Dremio and the Apache ecosystem
Dremio is an advanced data lakehouse platform known for its scalability and capacity for direct querying across diverse data sources. It combines various open source technologies such as Apache Arrow, Apache Parquet, Apache Calcite, and Apache Iceberg to facilitate efficient and speedy data analysis.
Dremio’s SQL interface
Dremio employs Apache Calcite for its SQL interface to parse and optimize SQL queries. Apache Calcite, a dynamic open-source framework, is tasked with SQL parsing, planning, and query optimization. This integration allows Dremio to offer a highly adaptable and efficient SQL interface to data connected to Dremio.
Dremio’s caching layer
Further, Apache Parquet’s effective storage and quick access patterns bolster Dremio’s caching layer. Parquet’s columnar data storage permits superior compression and efficient I/O, making it the ideal format for Dremio’s caching layer.
Dremio’s data processing
The standard columnar in-memory format of Apache Arrow functions as Dremio’s internal data representation. This mechanism ensures rapid and seamless data transportation between systems without requiring serialization or deserialization. Arrow’s optimized data organization, coupled with its SIMD instructions and memory mapping, empowers Dremio to leverage modern CPU capacities, thereby improving data processing efficiency and performance.
The high-speed client-server framework of Apache Arrow Flight facilitates swift data transport for Dremio. By circumventing data serialization or deserialization, Arrow Flight prevents excess data copy, thereby enhancing Dremio’s processing speed. Arrow Flight’s multi-language support and security features make it a reliable and versatile tool for data exchange across various environments.
Moreover, Gandiva, an execution kernel developed for Arrow by Dremio, enables just-in-time compilation of optimized assembly code for rapid execution of low-level operations, like sorting and filtering. Dremio incorporated this feature into its SQL engine to supercharge performance for analytical tasks.
The synergistic effect of Apache Arrow, Arrow Flight, and Gandiva forms the core of Dremio’s data processing efficiency, reinforcing its reputation as a powerful open lakehouse platform.

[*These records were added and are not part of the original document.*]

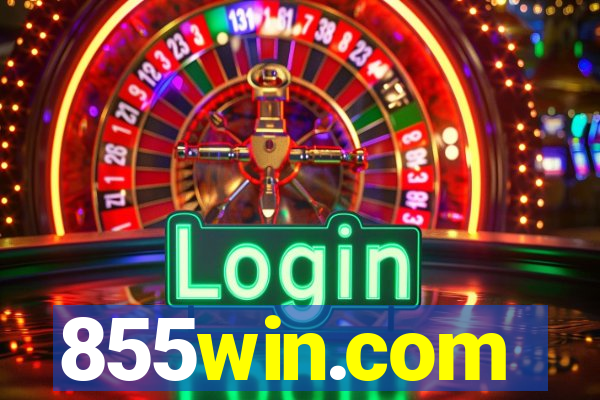 855win.com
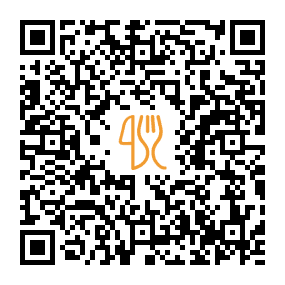 Link z kodem QR do karta Zapiecz Mnie Pasta Pizza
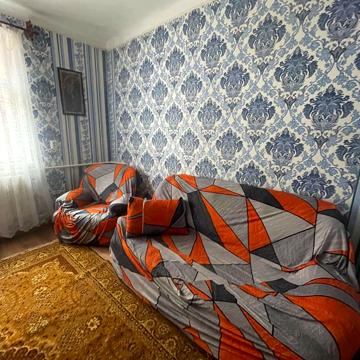 Гетьмана Виговського вул., 56
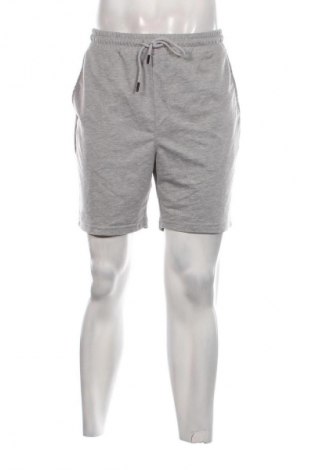 Herren Shorts Trendyol, Größe XXL, Farbe Grau, Preis 31,99 €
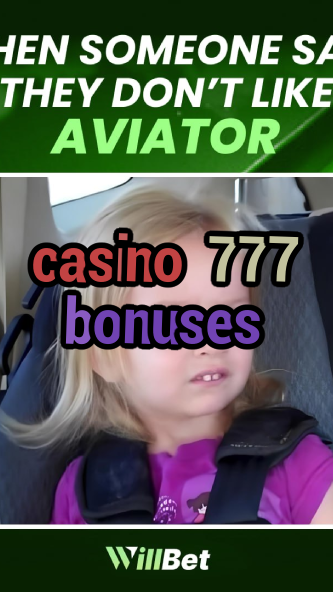 casino 777 bonuses-igamblingorder.com
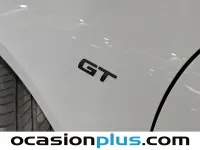 Usado Peugeot 508 GT 130 CV (95 kW) 2024 Blanco Familiar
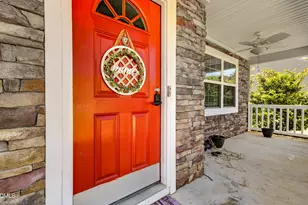 658 Yorkshire Dr, Clayton, NC 27520 - Photo 4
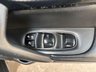 USED 2021 71 NISSAN X-TRAIL 1.3 DIG-T N-Connecta SUV 5dr Petrol DCT Auto Euro 6 (s/s) (158 ps) panoramic roof automaric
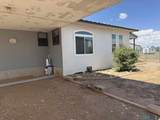4010 540 Loop - Photo 33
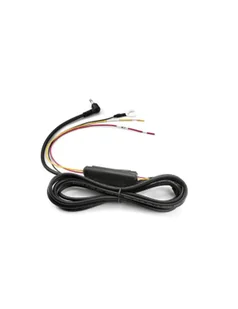 THINKWARE HARDWIRE CABLE Kabel - Akcesoria car audio - miniaturka - grafika 1
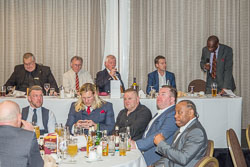 2018_Huddersfield_RL_PA_Dinner-080.jpg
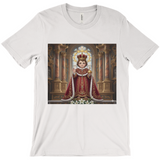 Apparel-DTG-TShirt-Bella-3001-L-SoftCream-Unisex-CF-20251226141829556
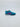 Adidas X Speedflow.3 Laceless TF - Teal / Pink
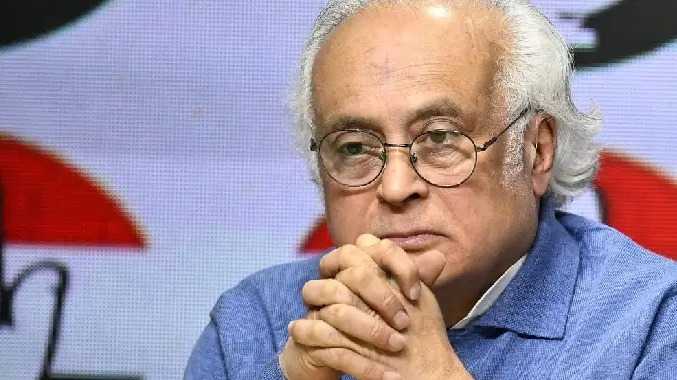 மேற்கு ஆசிய போரில் மத்தியஸ்தம் செய்யும் பாகிஸ்தான்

Dremio’s data reflections features
Dremio’s Data Reflections leverage Apache Iceberg tables to create optimized data representations. These Data Reflections, similar to a mix of indexes and materialized views, are utilized to accelerate queries. Reflections are appropriately partitioned and sorted to match query access patterns, which allows for efficient data scanning and partition pruning. In essence, the amalgamation of Apache Iceberg and Dremio’s Sonar query engine significantly enhances query performance for large data sets, using principles of partitioning, pruning, and sorting.